Madrid - A fraud investigation of Spain's Princess Cristina was thrown into disarray on Tuesday when the Tax Agency said it had been mistaken in reporting she had been the seller of 1.4 million euros (S$2.4 million, US$1.87 million) worth of properties.

Cristina, daughter of King Juan Carlos, is under investigation for alleged tax fraud as part of a wider corruption probe against her husband, Inaki Urdangarin, who is charged with embezzling 6 million euros of public funds.

Spaniards hit by 27 per cent unemployment have soured on the once-popular royal family as the Urdangarin scandal drags on.

Last week the tax office handed the court a report showing that the Princess had sold properties worth 1.4 million euros in 2005 and 2006, including a house in Barcelona and rural plots.

The Princess's lawyers denied she had ever owned any of the real estate in the report.

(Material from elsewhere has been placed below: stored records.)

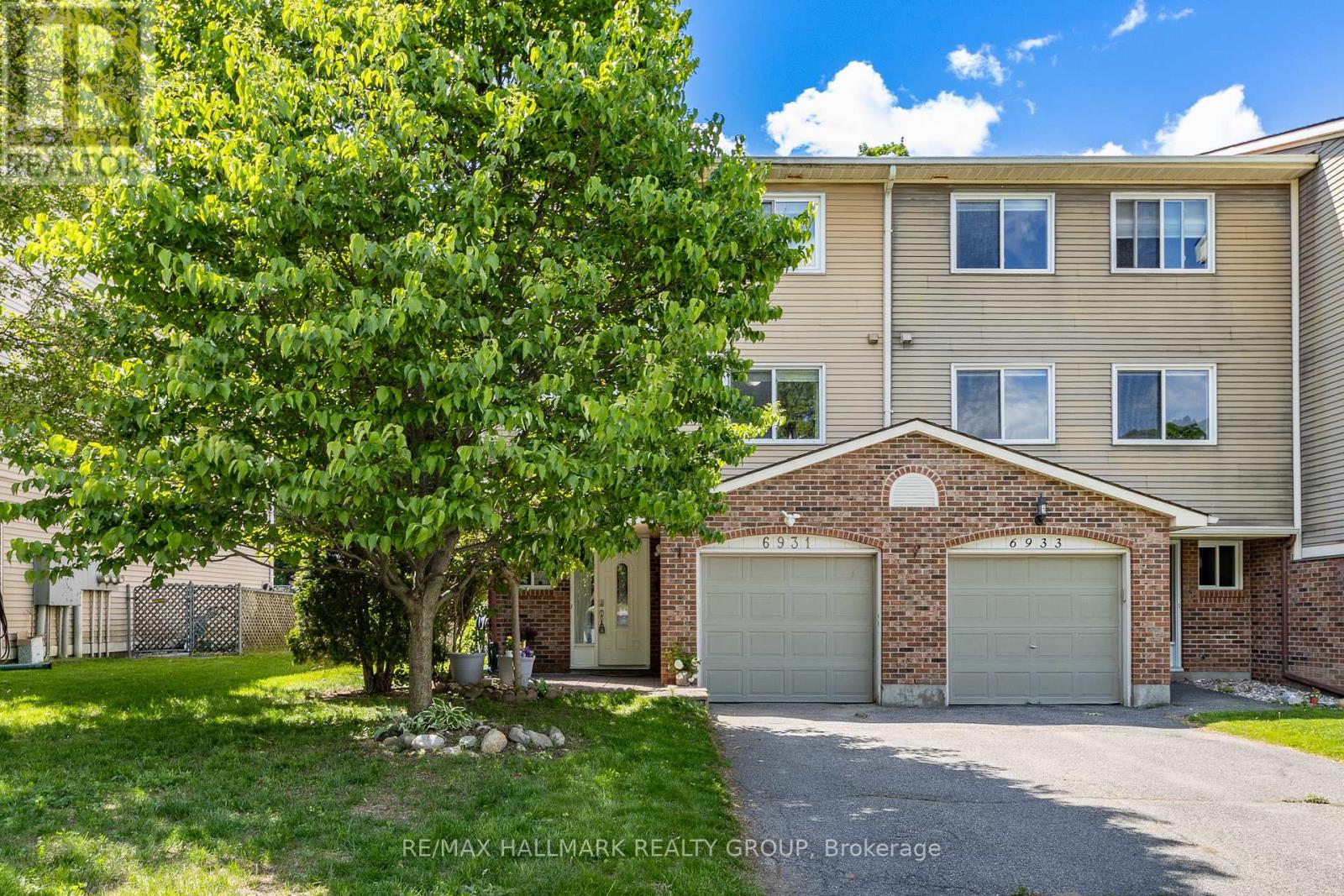MLS® listing #29861087 for sale located at 6931 DU BOIS AVENUE
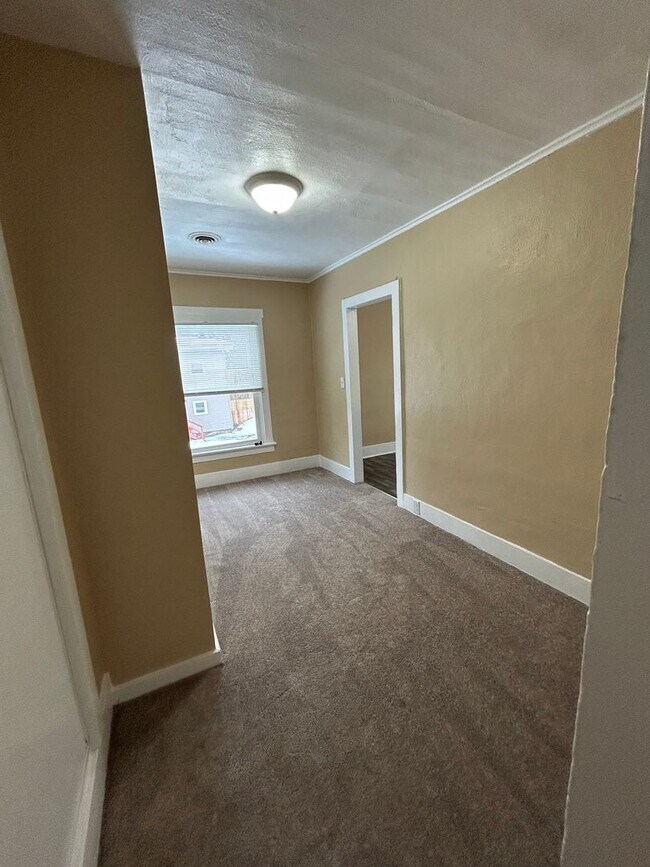 Building Photo - 401 Hannibal St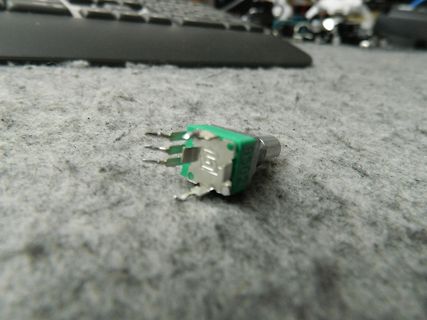Elektronisches Bauteil auf Untergrund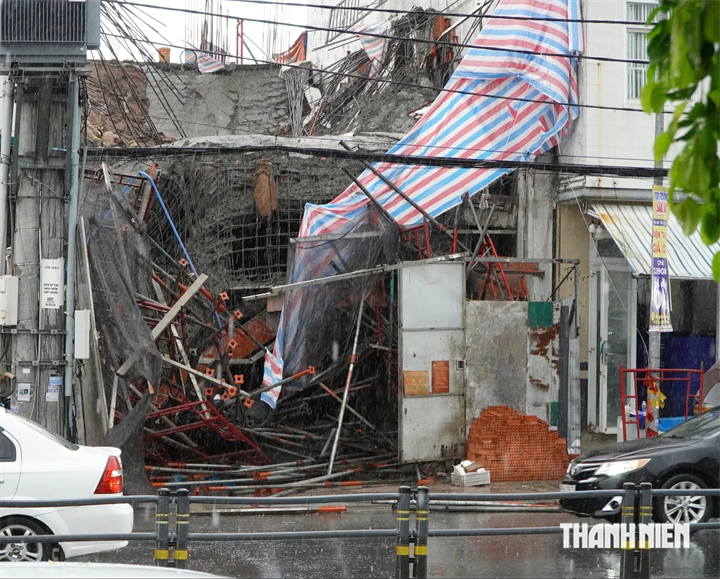 Hiện trường vụ sập giàn giáo đang nhà đang xây ở Cần Thơ, 3 người bị thương. Ảnh: Thanh Duy/Thanh Niên
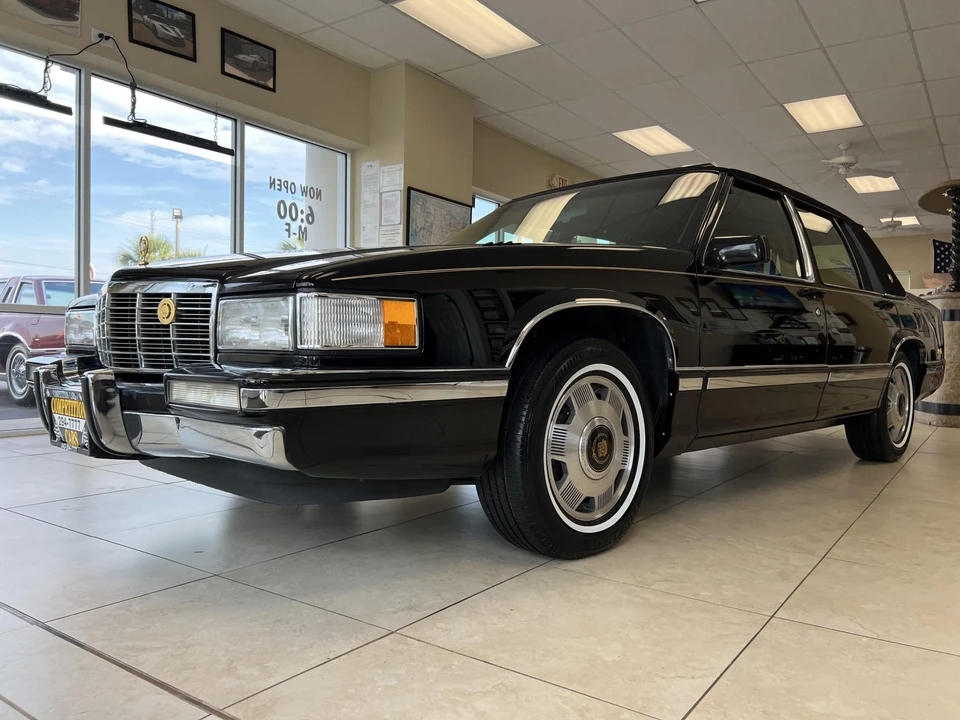 1992 Cadillac DeVille 7th Gen - Image 3 of 31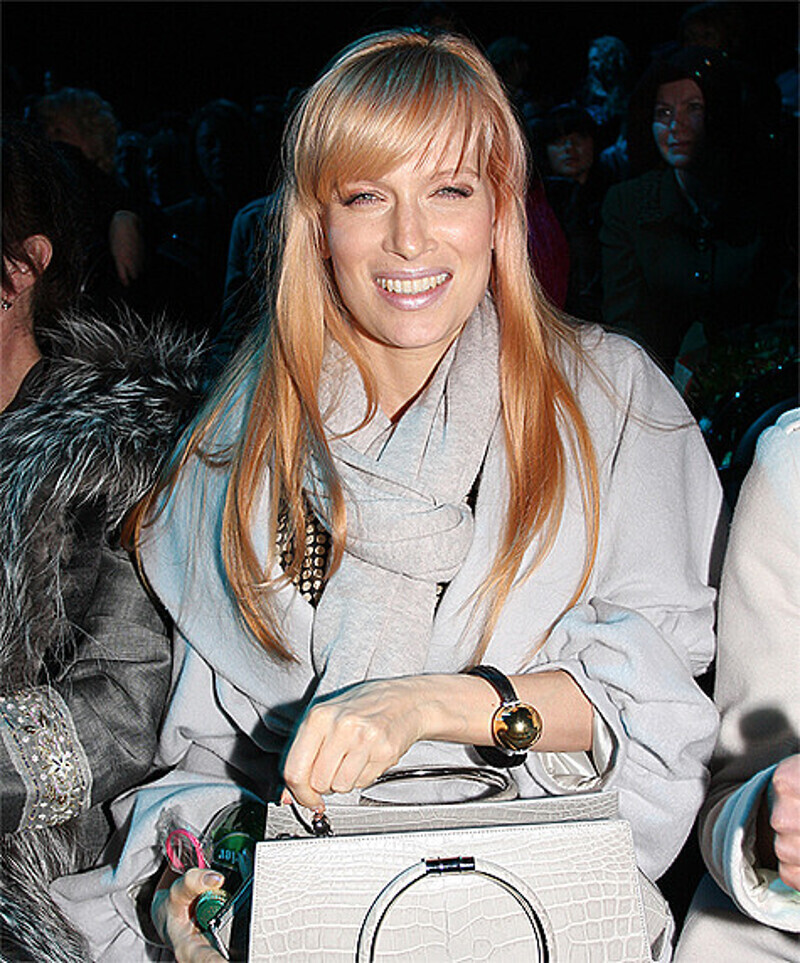 «Мама иногда говорит, что скучает по мне маленькой. В детстве я была такой радостной, улыбчивой «солнечной девочкой».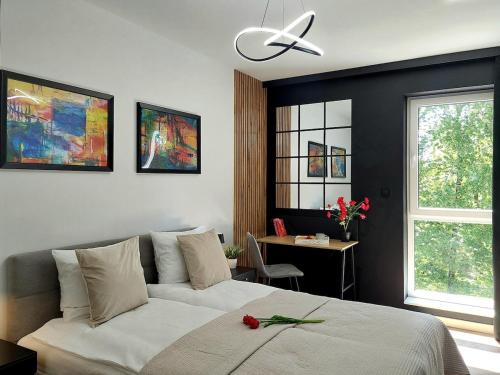 sypialnia z łóżkiem i wentylatorem sufitowym w obiekcie Modern Apartment w Bielsku Białej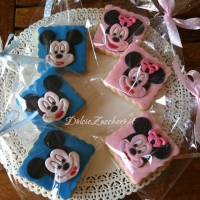 Biscotti a tema Topolino e Minnie decorati segnaposto per feste compleanno_6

Owners of the properties in question also told local media they had purchased them from people known to them, and not the Princess. The titles on four small farms, for example, were transferred between members of a family on the date that the Tax Agency had reported they were sold by the Princess.

On Tuesday the Tax Agency said the report contained errors.

And the government property registrar office clarified that the Princess was never the registered owner of any of them.

"The report of property deals by Doña Cristina de Borbon y Grecia was in error due to the fact that the Agency received information involved a National Identity Document with the same number as hers," the Tax Agency said in a statement.

Spain's royals have two-digit national identity numbers - Princess Cristina's is 14 - while commoners have eight-digit ID numbers. The Tax Agency did not clarify how its experts confused such different numbers.

The agency also did not explain how the same error had occurred in several different provinces.

Examining Magistrate Jose Castro called for an investigation into how the erroneous report had come about and Spain's most influential newspaper, El Pais, in an editorial on Tuesday in its on-line edition called for a full government explanation of the mess-up.